A young 2Blowhards visitor recently took note of a posting some months ago in which I made the claim that -- despite being a math-o-phobe, and a chart and graph-o-phobe too -- I'd finally managed to "get" economics. He wrote me and asked for some advice. Fool!

Nonetheless, despite my inadequacies, I have spent a lot of time trying to crack the subject, and I do have moments when I think that, in some vague-but-pleasing way, I've gotten the hang of it. I'm certainly no one to pay attention to, but I may by now qualify (on a good day) as a decently-informed fan. So, thanks to our visitor's prompting (and the fact that I co-manage this blog and can do as I please), I've indulged myself and devised this little course of study: Econ for Liberal-Arts Idiots.

It's now time for all of you who really understand math and econ to click over to another posting, preferably one where we aren't disgracing ourselves too badly.

OK, it's just us idiots? Well, then, an introductory note: Economics is great fun once the light starts to dawn. It really it is -- and I say this as a wildly impractical, arty guy.
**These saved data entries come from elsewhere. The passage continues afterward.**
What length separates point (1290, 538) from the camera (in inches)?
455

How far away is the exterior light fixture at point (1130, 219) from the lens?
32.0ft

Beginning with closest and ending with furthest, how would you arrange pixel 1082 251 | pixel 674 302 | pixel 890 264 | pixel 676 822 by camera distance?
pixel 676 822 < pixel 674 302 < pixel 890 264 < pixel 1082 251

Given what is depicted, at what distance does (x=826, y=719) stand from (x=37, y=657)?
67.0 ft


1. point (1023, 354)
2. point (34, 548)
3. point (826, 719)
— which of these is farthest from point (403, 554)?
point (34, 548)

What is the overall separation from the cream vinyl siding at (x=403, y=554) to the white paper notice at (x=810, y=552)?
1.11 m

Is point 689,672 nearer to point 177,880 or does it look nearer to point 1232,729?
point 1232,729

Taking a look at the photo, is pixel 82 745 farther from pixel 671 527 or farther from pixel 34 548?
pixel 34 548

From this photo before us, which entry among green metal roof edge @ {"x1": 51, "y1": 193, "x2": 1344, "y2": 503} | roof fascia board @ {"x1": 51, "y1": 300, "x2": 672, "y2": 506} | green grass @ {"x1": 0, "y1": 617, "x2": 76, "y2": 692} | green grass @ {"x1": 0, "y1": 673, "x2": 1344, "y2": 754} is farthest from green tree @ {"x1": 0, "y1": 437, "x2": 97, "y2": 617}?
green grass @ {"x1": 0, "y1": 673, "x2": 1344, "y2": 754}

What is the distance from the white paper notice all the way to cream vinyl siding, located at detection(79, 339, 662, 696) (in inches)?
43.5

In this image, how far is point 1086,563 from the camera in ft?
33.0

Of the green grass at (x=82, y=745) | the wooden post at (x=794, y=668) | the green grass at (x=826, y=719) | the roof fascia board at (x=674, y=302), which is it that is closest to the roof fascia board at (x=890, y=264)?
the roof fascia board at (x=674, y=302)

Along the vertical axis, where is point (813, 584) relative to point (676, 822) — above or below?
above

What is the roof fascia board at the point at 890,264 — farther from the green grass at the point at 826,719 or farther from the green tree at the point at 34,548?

It's like philosophy only with built-in real-world checks. (Which doesn't seem to prevent many academics from floating off into the nowheresville academics seem to spend most of their time in.)

One key thing to understand is that "getting" economics isn't going to make you rich. Learning how to see things from the economic point of view is fascinating, but it ain't about predicting the future.
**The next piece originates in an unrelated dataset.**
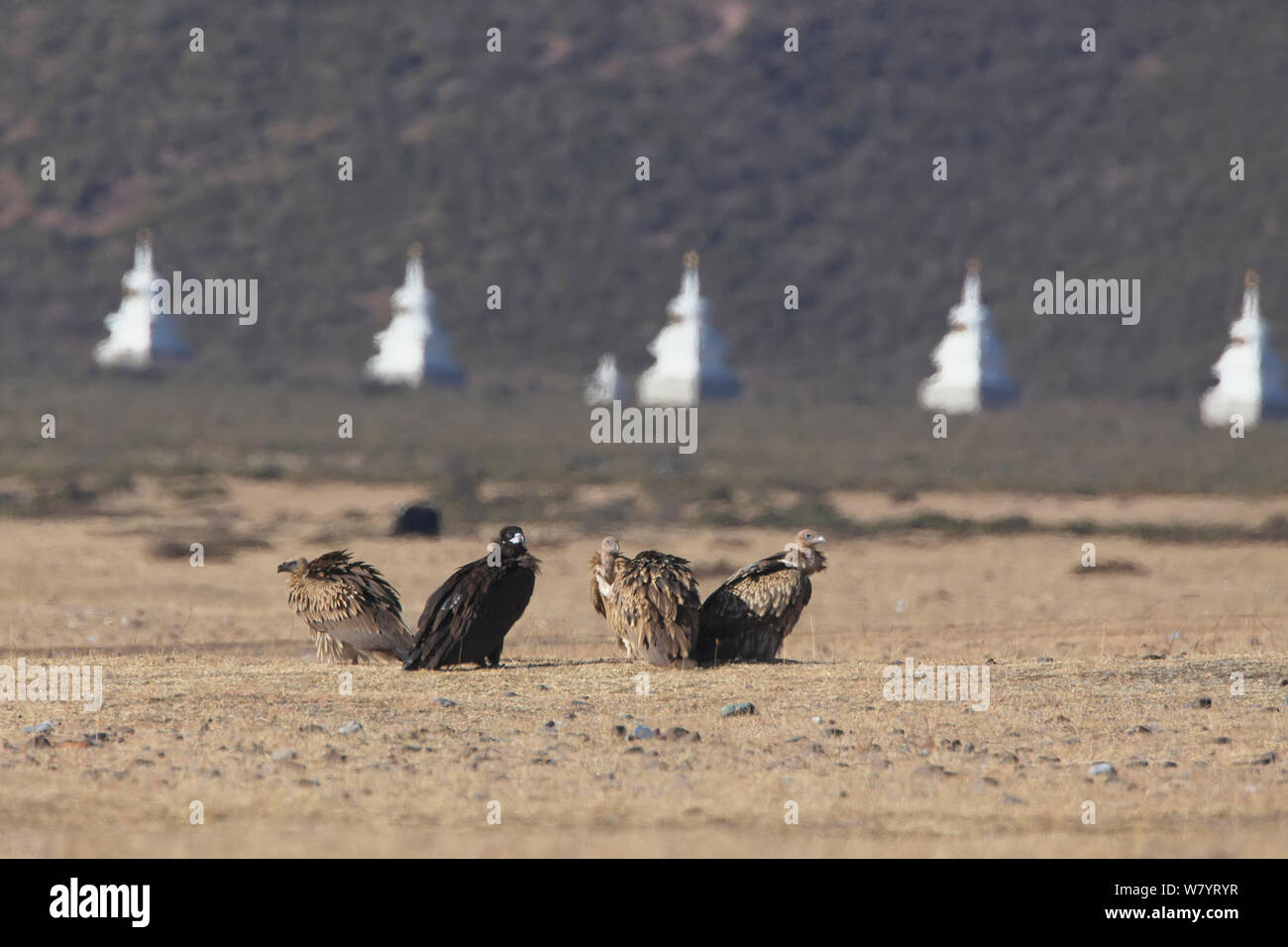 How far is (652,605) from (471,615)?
131 centimetres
Another key thing to understand is the distinction between econ as a general subject and what's called personal finance. Econ is like history or lit -- enlightening in its own right. Personal finance is about being not-too-stupid where your own checkbook is concerned.

So: The Michael Blowhard Guide to Econ as a General Subject.
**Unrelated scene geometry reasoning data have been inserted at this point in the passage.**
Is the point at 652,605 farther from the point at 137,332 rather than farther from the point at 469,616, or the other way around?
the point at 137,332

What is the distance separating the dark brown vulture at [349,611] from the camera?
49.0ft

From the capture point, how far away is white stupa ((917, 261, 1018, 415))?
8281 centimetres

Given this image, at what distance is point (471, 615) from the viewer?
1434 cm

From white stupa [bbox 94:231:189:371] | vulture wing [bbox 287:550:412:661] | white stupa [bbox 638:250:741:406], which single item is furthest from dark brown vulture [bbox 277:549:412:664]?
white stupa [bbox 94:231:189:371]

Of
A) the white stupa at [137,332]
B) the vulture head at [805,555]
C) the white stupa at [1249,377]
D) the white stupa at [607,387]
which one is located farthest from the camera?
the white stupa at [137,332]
  • Start with this Timothy Taylor lecture series on audio from the Teaching Company, buyable here. I know I've been sounding like a salesman for the Teaching Company in recent days, but this is another one of their first-rate efforts. It's a history of economic thought, told via the lives and thoughts of the major economists, with the ideas presented and explained in plain English. Super-well done, enthusiastically presented, and absurdly inexpensive. It's the best way I know of for a lib-arts mush-head to begin to get the hang of econ.
  • Follow up with another Timothy Taylor/Teaching Company lecture series, this one about the subject of economics itself, buyable here. Just as well-done as the previous series. By the end of it, you'll actually understand what I consider to be the key economic conundrum: why do price controls lead to shortages? Think of Nixon's efforts to keep prices of oil low in the 1970s. Think of cities trying to keep housing affordable by passing rent-control laws. What's the inevitable result? In the first place, shortages of gas. In the second, shortages of housing. How can this be so? Hey, now even I can explain it. I once ran across an online review of Taylor's economics series that described them as smarty-pants-ish and superficial. Perplexed, I poked around -- and discovered that the reviewer was an MIT grad. Ie., someone who likes math. Well, if "smarty-pants" and "superficial" suits you OK, as it does me, you're likely to find these two tape sets pretty terrific. Again, an absurdly low price, especially when you realize it'll do a better job for you than any college class. Plus, heck, when you're done with the tapes, you can give them to a friend.
  • If you're one of those people who needs to buy a book in order to feel serious about a subject, try Todd Bucholz's From Here to Economy: A Short Cut to Economic Literacy (here), and New Ideas From Dead Economists (here). First-class, brainy without being technical, and plain fun to read too. But if you've listened to the Taylor lectures series, you can skip these.
  • When things are slow at work, or if you're at home and have a fast connection, watch this webcast (yes, from PBS -- I wish I weren't recommending something from PBS, but even they get off a good one once every decade or so) of the Daniel Yergin documentary The Commanding Heights, about the battle between market forces (Hayek!) and government forces (Keynes!) during the 20th century. You can watch it in five-ish minute bursts here. Are we better off letting experts do the steering or letting individuals make their own choices? This show lays out the history of this argument, and the ideas and people on both sides of it.
  • It's an eye-opener to have a wrestle with Milton Friedman -- whether you come away convinced or not, you'll be twice as smart as you are now. Both of his famous, for-beginners books are short, brainy, good reads -- and he's got a wonderful writing style, something important to pleasure-centric, sensitive souls like us. Capitalism and Freedom (here) and Free to Choose (here) are both helpful and fun.
  • A mystery your English or art prof never quite got around to explaining is, How did European and Euro-derived countries get economically so far ahead of the rest of the world for so long? Who knew, but it turns out there are reasons for this, and they make good sense. Economic history is cool! Nathan Rosenberg and L.E. Birdzell do a fab job of laying the story out in How the West Grew Rich (here).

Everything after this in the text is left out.